Tulisan ini telah terbit di MAJALAH LENSA 
Tanggal 10 April 2008
===============================

MAJALAH LENSA - Kerusakan lingkungan hidup dan ekosistem hayati yang disebabkan oleh bekas pernambangan batubara di Desa Leban, Kecamatan Rantau Pandan, Kabupaten Bungo sudah teramat parah. Lubang-lubang bekas galian yang menyerupai danau buatan sedalam 50 – 200 meter  itu dibiarkan menganga tanpa ditimbun kembali (reklamasi). Sehingga banyak pihak menyayangkan kondisi itu.

Adalah  H. Abdul Halim. Sekretaris Komisi III DPRD Provinsi Jambi ini mengatakan kerusakan lingkungan akibat penambangan batubara di Kabupaten Bungo sudah sangat parah. Sedangkan pendapatan yang diperoleh tidak seberapa.
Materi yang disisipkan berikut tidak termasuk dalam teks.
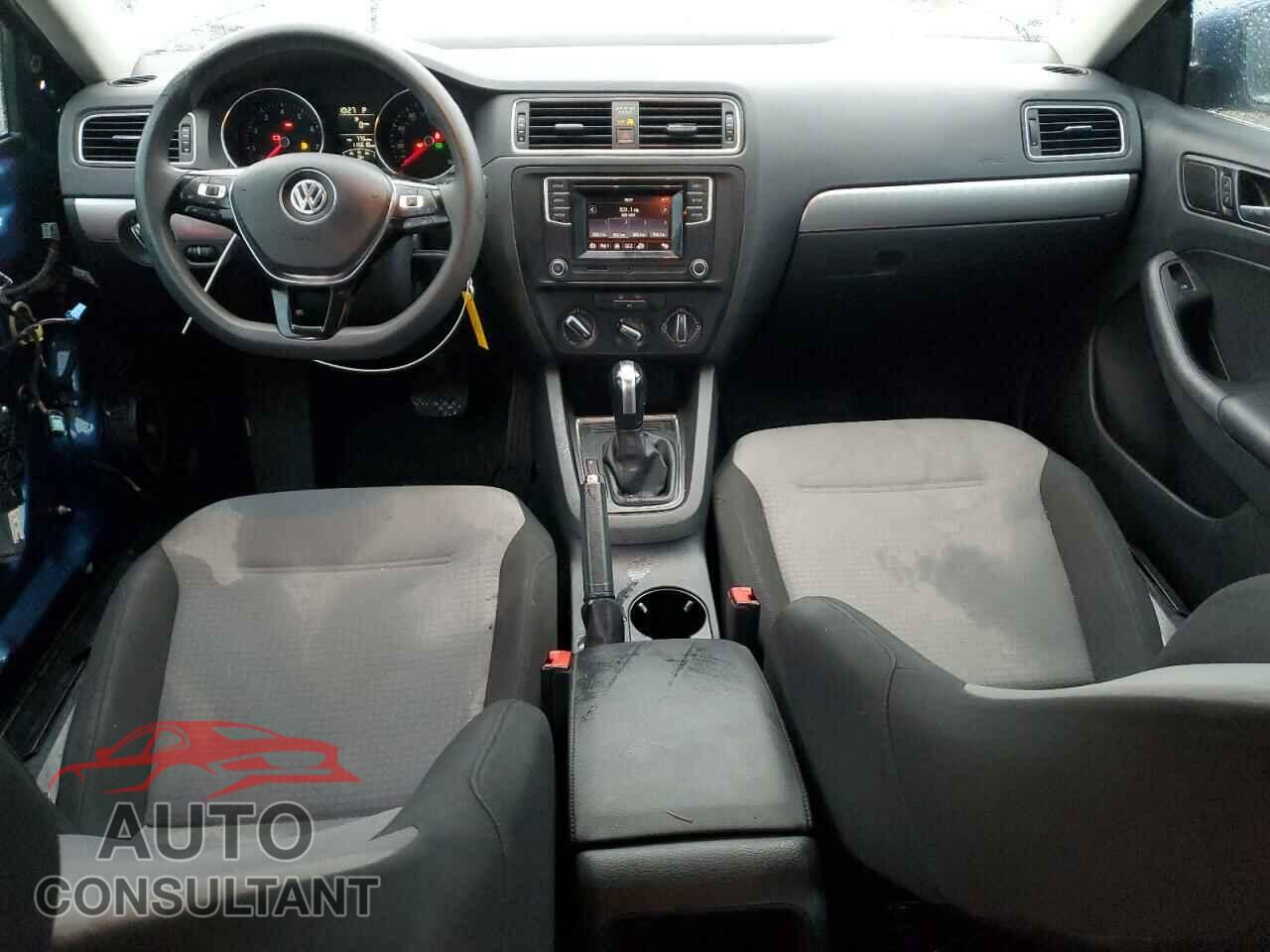 VOLKSWAGEN JETTA 2017 - 3VW2B7AJ5HM249936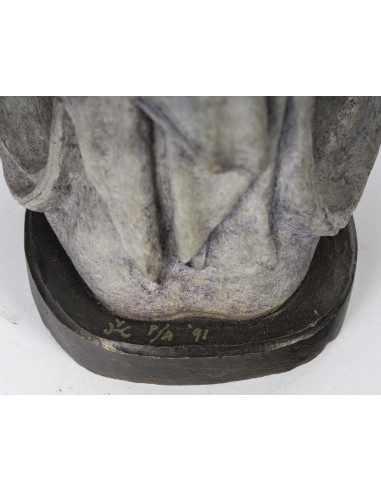 女性青铜雕塑，1991 年，已签约。
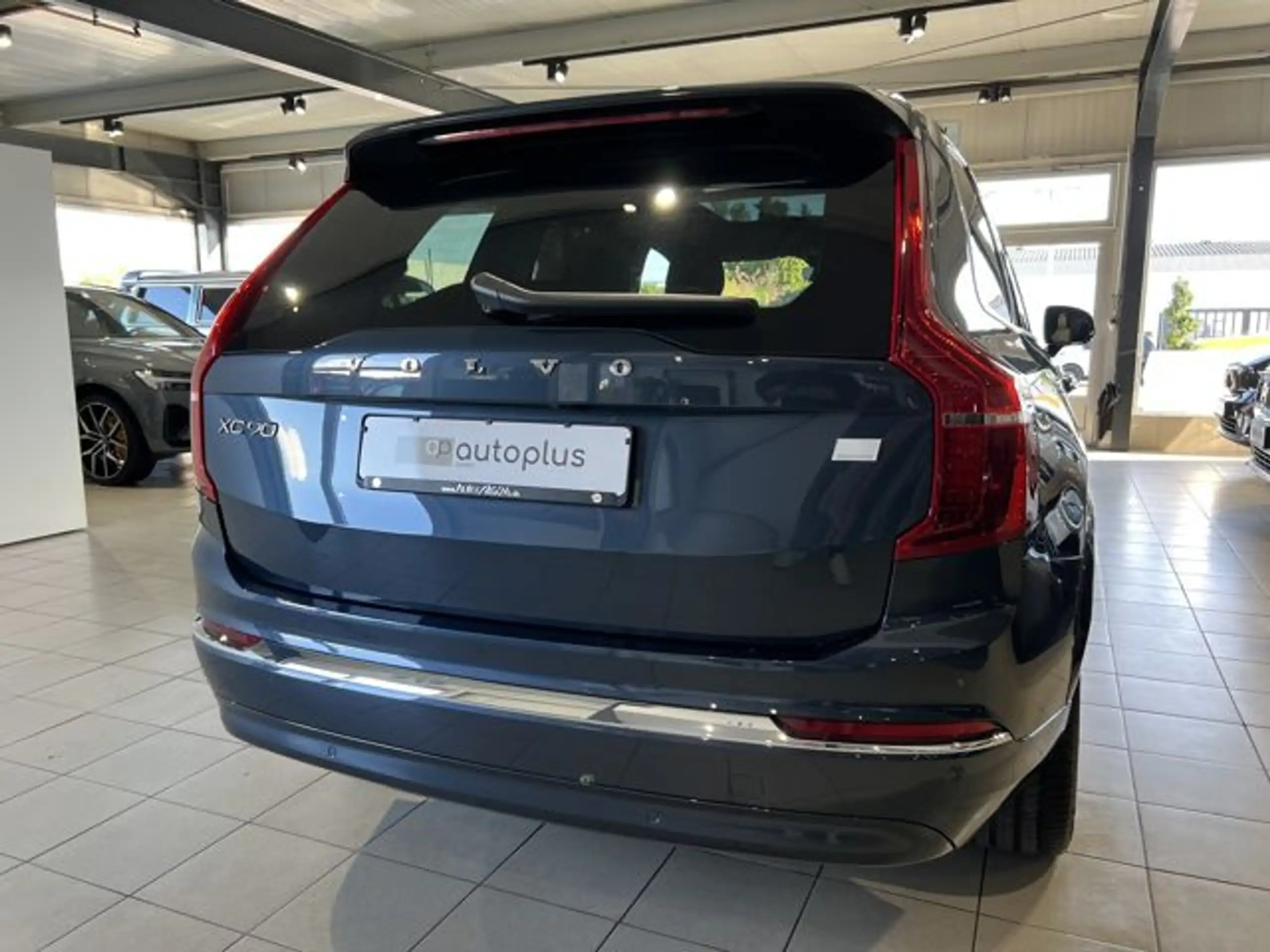 Volvo - XC90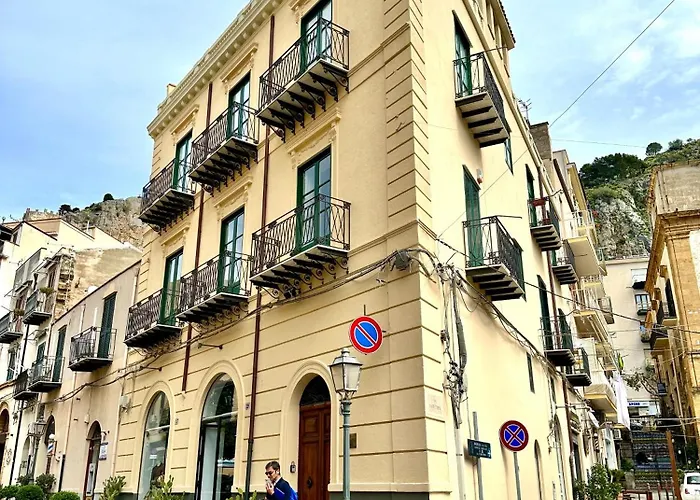 Casa Giramondo By Housilia Hébergement de vacances Cefalù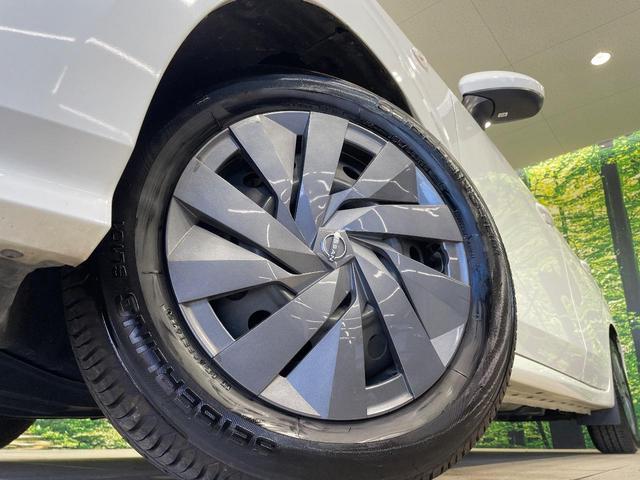 ノート Ｓ　ＳＤナビ　バックカメラ　衝突被害軽減システム　禁煙車　コーナーセンサー　スマートキー　ＥＴＣ　オートハイビーム　車線逸脱警報　オートライト　オートエアコン　Ｂｌｕｅｔｏｏｔｈ　ＣＤ（13枚目）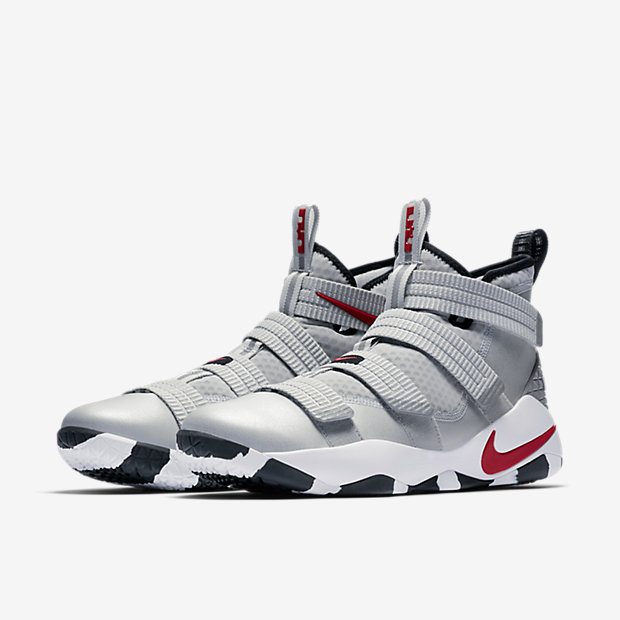 Nike LeBron Soldier 11 "Silver Bullet"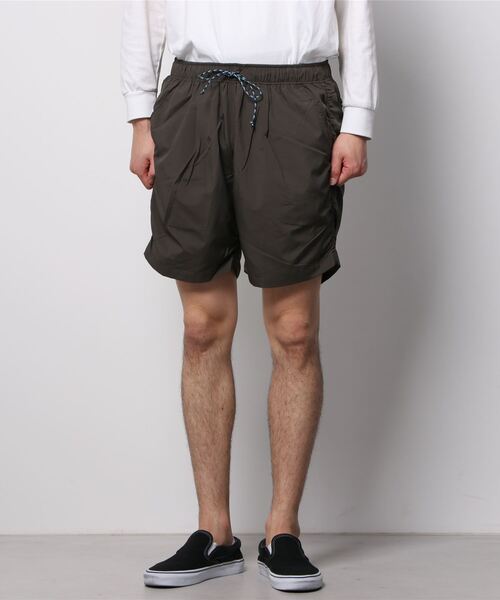 MOUNTAIN EQUIPMENT（マウンテンイクイップメント）の「MOUNTAIN EQUIPMENT / マウンテン エクイプメント：PUCKERING WATER SHORTS：425461[AST]（その他パンツ・メンズ・ブラック/グリーン系その他・L/M）」の2枚目の写真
Dapat disimpulkan Pendapatan Asli Daerah (PAD) yang diperoleh tidak sebanding dengan kerusakan lingkungan yang terjadi.

Tidak hanya merusak lingkungan, penambangan batubara itu jiga sudah merusak ekosistem yang ada. Dalam hal ini Kabupaten Bungo harus menjalankan Perda (Peraturan Daerah) tentang  Tata Ruang Wilayah (TTRW) yang bisa mengatur lokasi-lokasi tambang dan juga harus bekerja sama dengan pihak Bapedalda. “ Diharapkan, pihak Bapedalda kabupaten dan provinsi  terus berkoordinasi dan jangan saling melempar kesalahan,” ujarnya.

Menurut Halim, dari kaca mata legislatif sejak otonomi daerah pemerintah kabupaten kurang melakukan koordinasi dengan pemerintah provinsi dalam proses penambangan batubara. Bahkan pihak Bapedalda dan Dinas Pertambangan sendiri ketika ditanya, kata Halim,  malah kurang memahami kondisi di lapangan. Walaupun secara kasat mata DPRD sudah mengetahui kerusakan yang terjadi.

Maka dari itu dirinya mengharapkan ketegasan pihak terkait untuk menjatuhkan sanksi pidana bagi pihak-pihak yang telah melanggar aturan dalam proses penambangan batubara yang mengakibatkan terjadinya kerusakan lingkungan. Sedangkan masyarakat sendiri berhak memberikan koreksi terhadap para penambang yang menyimpang dari aturan yang ada.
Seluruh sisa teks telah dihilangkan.